What to work on »
Please find the lines in the entries below that contain the word "Pink", and copy each one.

Saved entries
******

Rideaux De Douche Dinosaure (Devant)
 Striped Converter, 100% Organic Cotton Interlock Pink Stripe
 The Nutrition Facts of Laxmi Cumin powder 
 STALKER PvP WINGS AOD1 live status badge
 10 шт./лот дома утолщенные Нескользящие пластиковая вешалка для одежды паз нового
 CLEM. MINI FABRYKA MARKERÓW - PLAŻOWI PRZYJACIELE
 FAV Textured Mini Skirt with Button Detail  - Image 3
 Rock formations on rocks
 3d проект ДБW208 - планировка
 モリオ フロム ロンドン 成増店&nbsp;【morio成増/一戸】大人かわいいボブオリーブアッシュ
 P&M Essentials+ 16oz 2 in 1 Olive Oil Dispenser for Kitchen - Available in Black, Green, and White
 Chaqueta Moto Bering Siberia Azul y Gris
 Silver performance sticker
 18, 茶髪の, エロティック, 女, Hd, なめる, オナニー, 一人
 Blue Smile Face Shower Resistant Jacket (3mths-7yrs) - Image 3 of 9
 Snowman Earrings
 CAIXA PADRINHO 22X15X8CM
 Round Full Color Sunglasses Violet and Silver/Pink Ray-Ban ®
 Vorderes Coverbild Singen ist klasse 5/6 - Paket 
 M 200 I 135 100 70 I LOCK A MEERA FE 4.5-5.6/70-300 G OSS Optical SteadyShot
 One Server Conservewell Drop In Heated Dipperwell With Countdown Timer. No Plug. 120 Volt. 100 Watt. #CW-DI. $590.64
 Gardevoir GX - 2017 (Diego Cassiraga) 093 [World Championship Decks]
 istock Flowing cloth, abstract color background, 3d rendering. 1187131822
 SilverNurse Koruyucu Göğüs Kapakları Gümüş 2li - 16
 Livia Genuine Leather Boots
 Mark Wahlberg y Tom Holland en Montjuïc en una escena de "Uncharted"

******

Answer space »
 Striped Converter, 100% Organic Cotton Interlock Pink Stripe
 Round Full Color Sunglasses Violet and Silver/Pink Ray-Ban ®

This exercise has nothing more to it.